As a long time fan of adventure games (mostly rooted in classic Lucasarts titles) I was more than a little excited to check out Thimbleweed Park from Lucasarts alumni Ron Gilbert and Gary Winnick at PAX East. What made the experience even better was having a chance to chat about the game with Mr. Gilbert directly at the show. Thimbleweed Park is a refreshing throwback to an older generation of adventure games that feels modern while still retaining the look and feel of the classic titles.
At PAX East there was a relatively small slice of gameplay available to try but it introduced me to three of the main characters from the upcoming title. The first two are FBI agents Ray and Reyes who at first glance have a very Mulder and Scully from the X-Files vibe that I asked Ron about. He told me that when they initially developed the characters they wanted to have two agents who meet for the first time in game and have some conflicts that added narrative to the characters. He mentioned that similarities to the X-Files heroes was unintended but noticeable now, they may look like the characters from the Television series, but they act quite differently. The demo did not give me much room to get to know them but it did teach the first hints of character switching and transferring items to get the initial simple puzzle, taking a picture of a corpse, completed.
Following this short sequence we learn that in the town of Thimbleweed Park there are plenty of weird happenings, one of which is an odd mansion up the hill where strange things happen – Ron let me know this was of course a nod to his famous title Maniac Mansion. There was also a description of a cursed clown named Ransome living at an abandoned circus which triggered a flashback sequence where the majority of the demo took place. Ransome is in a word hilarious, he is a foul mouthed clown who specializes in insult humor, his schtick is to insult the people in the audience to get huge laughs. I asked Ron where the inspiration for Ransome came from and he described him as the darker edge of comedy they wanted in the game. When I asked about the comparison to the Simpsons Krusty the Clown Ron chuckled and said that there are definitely some similarities but Krusty loves being a clown and Ransome clearly doesn’t. Krusty is grumpy but he loves to make kids laugh and perform, for Ransome it is simply a path to fame and money.
Starting the section in Ransome’s wagon I discovered that it was almost time for a show to start and that Ransome was at the top of his game. He was about to sign a major licensing deal, he has a house and mistress in a tropical paradise and a sold out show about to start. All I had to do was get his makeup and nose on and locate his missing insult book, piece of cake right? Not quite, this is of course a point and click adventure game so getting these pieces is part of a multi-stage puzzle. The nose was easy enough to locate and that is when Ron let me know that the nose portion was adjusted based on player feedback as it initially was tough to find and became a ‘pixel humt’ which he wanted to avoid altogether in the game. Early in adventure game timelines pixel hunting was common, essentially you had to move your mouse over every inch of the screen to find what was clickable. Ron let me know that everything selectable in Thimbleweed Park will be distinctive, you will know what can be clicked because they will standout and not be buried in the backgrounds.

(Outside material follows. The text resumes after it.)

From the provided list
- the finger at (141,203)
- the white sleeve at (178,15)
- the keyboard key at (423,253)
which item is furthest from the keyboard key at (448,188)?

This was true of many of the items in Ransome’s wagon, including his clown nose and a number of notes on his cork board, one of which gave a clue to a puzzle I needed to solve. Wandering around the circus I met Ransome’s manager as well as a rival Carney in the amusement park while solving the puzzles. The dialogue at the time was text only but Ron assured me that every line in the game will be fully voiced and that recording went very well. He stayed away from big name actors, partly for monetary reasons but also so that the voices were unique and distinctive to his vision and not just a recognizable voice. I can say that I am excited to hear what Ransome will sound like; I pictured a deeper Rodney Dangerfield style voice while playing, something full of sarcasm and contempt, it will be interesting to see how that thought compares to the recorded reality.
After a short while I realized I missed something in Ransome’s home and went back to finish the puzzle, this led to a short sequence that showed how Ransome gets cursed (won’t spoil it because it is pretty funny) and how his life fell apart. The humor was spot on and reminded me of the subtle jokes from Maniac Mansion and Monkey Island in a very satisfying way. I asked Ron about his direct involvement in the game and learned that he is hands on in nearly every way. He is the lead programmer; making a new SCUMM like engine for the game, he wrote a majority of the dialogue and scenarios and is involved in each of the major voiceover sessions. This truly is a project of love for him and his partner Gary Winnick (who co-created Maniac Mansion with Ron) and you can tell his passion for the game when talking to him about it.
Thimbleweed Park looks like a very promising and retro take on the adventure game genre that is today dominated by the glossy looking Telltale Games releases which have deep storylines but simplistic gameplay choices. The look and feel of this title is grounded deeply in Pixel art and while it still retains the action bar filled with inventory and choices at the bottom, it is transparent, and the bar disappears when cutscenes occur, giving a fullscreen look at the action.
The project was successfully funded on Kickstarter in Dec 2014 and is scheduled to be completed late 2016 for Xbox One, Windows, Mac and Linux (with Android and iOS releases coming later). I was quite taken with the characters, humor and setting of the game and look forward to the full release later in the year.